Addis Ababa, Ethiopia
The Minister of Health, Dr. Tewodros Adhanom, officially launched the 2011 Ethiopia Demographic and Health Survey (EDHS) today, which reveals many improvements in Ethiopia, particularly in the areas of child mortality and family planning.
Currently, about 1 in 11 Ethiopian children die before reaching age 5. Under-five mortality has declined dramatically over the past decade, dropping from 166 deaths per 1,000 live births in 2000 and 123 deaths per 1,000 live births in 2005 to 88 deaths per 1,000 live births in 2011. Undernutrition is also decreasing in Ethiopia; 44% of children under age five are stunted (too short for their age), compared with 58% in 2000. The proportion of children who are underweight (too thin for their age) has also declined from 41% in 2000 to 29% in 2011.
The 2011 EDHS reveals the use of modern methods of family planning by currently married women has doubled since 2005. More than one-quarter (27%) of currently married Ethiopian women are using a modern method of family planning, nearly two times higher than 2005, when 14% of currently married women were using a modern method of family planning.

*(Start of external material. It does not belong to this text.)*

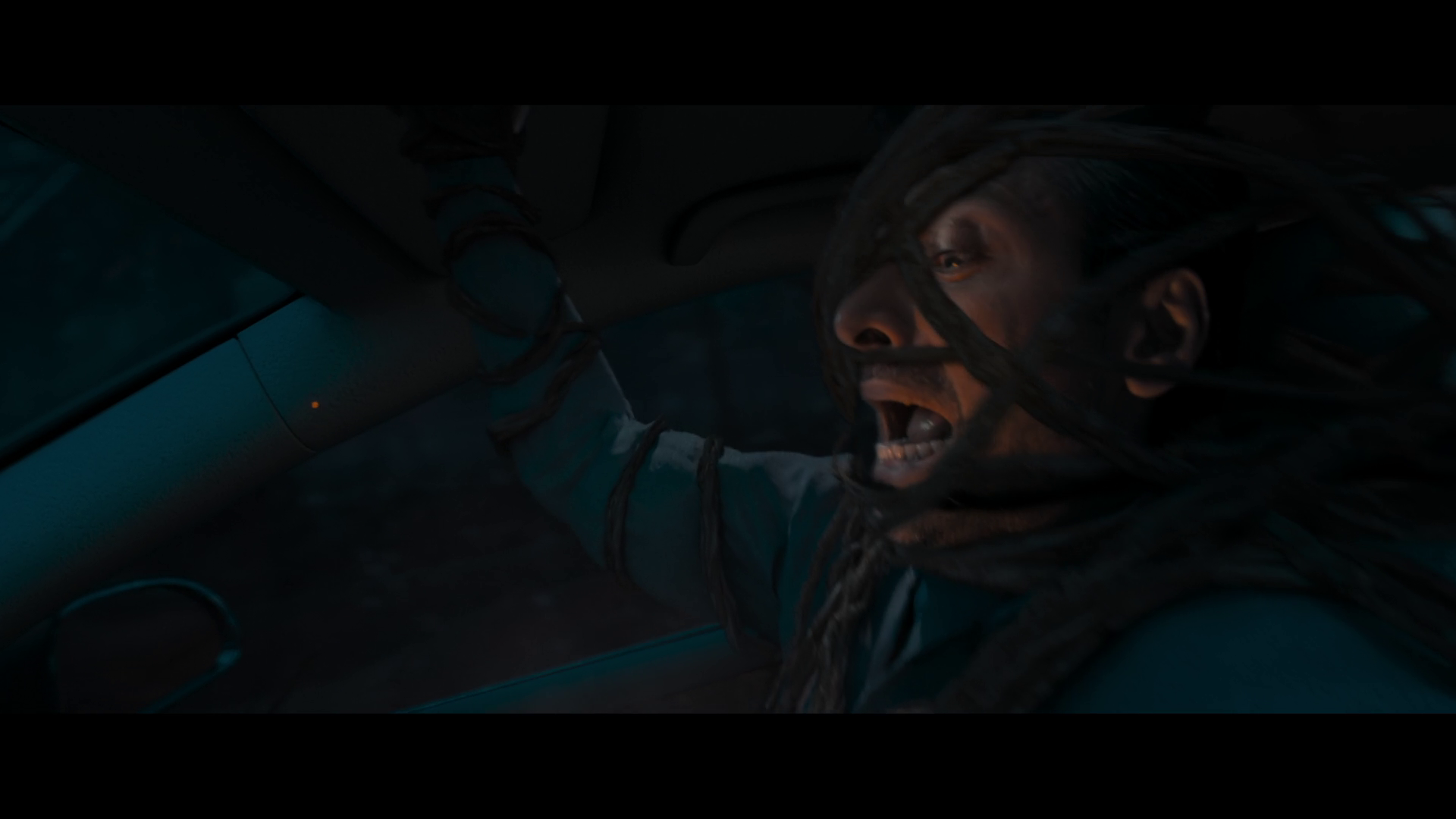 vlcsnap 2025 08 22 05h58m37s064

Fertility in Ethiopia has declined from an average of 5.4 children per woman in 2005 to its current level of 4.8 children per woman.
About one-third (34%) of pregnant women age 15-49 received antenatal care from a skilled provider (doctor, nurse, or midwife), compared to 28 % in 2005. Deliveries at health facilities are still low (10%), but have increased slightly since 2005, when 6% of births occurred in health facilities. More than six in ten of women believe that delivery in the health facilities is not necessary.
Over half (55%) of employed women report that the decision on how to spend her cash earnings is made jointly with their husbands. Three in four (75%) women and 68% of men report that the decision of how to spend the husband’s cash earnings is made jointly between the husband and wife. Women and men are equally likely to own a house or agricultural land by themselves or jointly.
Literacy among men and women has shown improvements over the last five years; currently, (38% of women age 15-49 and 65% of men age 15-59 are literate, compared to 29% of women and 59% of men in 2005.
The 2011 Ethiopia Demographic and Health Survey (EDHS) was carried out under the aegis of the Ministry of Health (MOH) and was implemented by the Central Statistical Agency (CSA).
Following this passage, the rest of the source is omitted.